Graph Database Patterns in Python
- Audience level:
Creating and using models from a graph database can be quite different to the ones used for row/column/document-oriented databases, in the sense that the same query patterns could differ significantly in structure and performance. This session will present how to create models in Python for Titan property graphs, that allow you to manipulate graphs as if you were querying with Gremlin DSL.

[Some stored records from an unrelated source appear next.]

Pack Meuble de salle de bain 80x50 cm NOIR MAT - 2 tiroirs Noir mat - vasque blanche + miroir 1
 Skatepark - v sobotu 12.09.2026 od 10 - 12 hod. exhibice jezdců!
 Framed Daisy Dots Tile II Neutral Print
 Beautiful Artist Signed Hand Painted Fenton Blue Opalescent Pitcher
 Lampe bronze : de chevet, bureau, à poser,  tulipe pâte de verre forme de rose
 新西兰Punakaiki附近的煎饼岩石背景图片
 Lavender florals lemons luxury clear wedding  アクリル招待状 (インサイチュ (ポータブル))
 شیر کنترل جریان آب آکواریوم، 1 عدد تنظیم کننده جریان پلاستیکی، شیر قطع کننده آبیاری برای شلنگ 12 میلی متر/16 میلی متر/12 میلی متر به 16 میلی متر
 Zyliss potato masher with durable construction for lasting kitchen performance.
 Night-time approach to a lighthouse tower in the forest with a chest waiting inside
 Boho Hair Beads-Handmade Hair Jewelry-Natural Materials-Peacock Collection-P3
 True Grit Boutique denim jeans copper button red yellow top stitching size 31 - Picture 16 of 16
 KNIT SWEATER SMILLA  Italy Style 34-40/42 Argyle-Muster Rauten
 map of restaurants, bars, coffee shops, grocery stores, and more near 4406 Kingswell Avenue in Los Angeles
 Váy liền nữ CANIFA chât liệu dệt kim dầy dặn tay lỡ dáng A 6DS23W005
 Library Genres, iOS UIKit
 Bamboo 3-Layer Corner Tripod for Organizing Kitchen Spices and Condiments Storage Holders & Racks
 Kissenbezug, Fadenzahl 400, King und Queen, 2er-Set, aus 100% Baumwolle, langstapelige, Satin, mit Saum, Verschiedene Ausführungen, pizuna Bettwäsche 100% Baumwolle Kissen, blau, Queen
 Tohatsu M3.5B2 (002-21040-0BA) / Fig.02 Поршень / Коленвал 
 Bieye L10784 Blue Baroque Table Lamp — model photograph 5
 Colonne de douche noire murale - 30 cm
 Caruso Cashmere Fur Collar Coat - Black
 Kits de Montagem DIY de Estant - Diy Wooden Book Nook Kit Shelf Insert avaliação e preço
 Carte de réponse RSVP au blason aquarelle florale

A property graph database represented by G = (V, E, λ) is basically a set of vertices (V) connected by edges (E), where each element can contain properties (λ) as key-value pairs. The most important thing of a graph database is that it provides index-free adjacency for fast global lookups in constant time, vs exponential time join-on-join in relational databases; while document databases (a.k.a. NoSQL) encourages denormalization and data embedding. My favorite graph database is Titan, because it allows me to use the storage backend of my preference (Cassandra) and index backend of my preference (Elasticsearch). Titan also provides a seamless integration with Gremlin, which is the graph traversal language created for Blueprints to manipulate Property Graphs. However, Titan is written in Java, and Gremlin provides Groovy syntax. There are Java frameworks, like Rexster, that expose the graph database functionality through a REST API. Although this solution can work for simple use cases, as you need to execute more complex traversals, the Rexster API falls short because it provides just the basic CRUD operations (and read operations executes very simple traversals). For Python programmers, interfacing your program with Rexster API to communicate with Titan generates too much HTTP overhead, and it’s limited to what Rexster functionality can provide. Instead, you can create your own a set of database models that expose Gremlin-like operations and inherit Blueprints Pipes architecture; and allows you to execute complex traversals and get the most of your graph database, without imposing a data model from your code. For achieving this, we must follow especially the S part of SOLID design (Single responsibility principle). You want to create a models of vertices that ONLY return vertices belonging to the same namespace and only manipulate those vertices. The same principle applies for edges. Following this design principle, you can create factory classes for vertices and edges, that implement the most commonly used traversals (like g.v, g.V, g.V.has, g.out,g.outE, etc) and then create a set of models where each model correspond to a namespace (in the case of vertices) or a label (in the case of edges). Most of this is achieved by the correct use of Factory Pattern, Pipes and Filters and Decorators.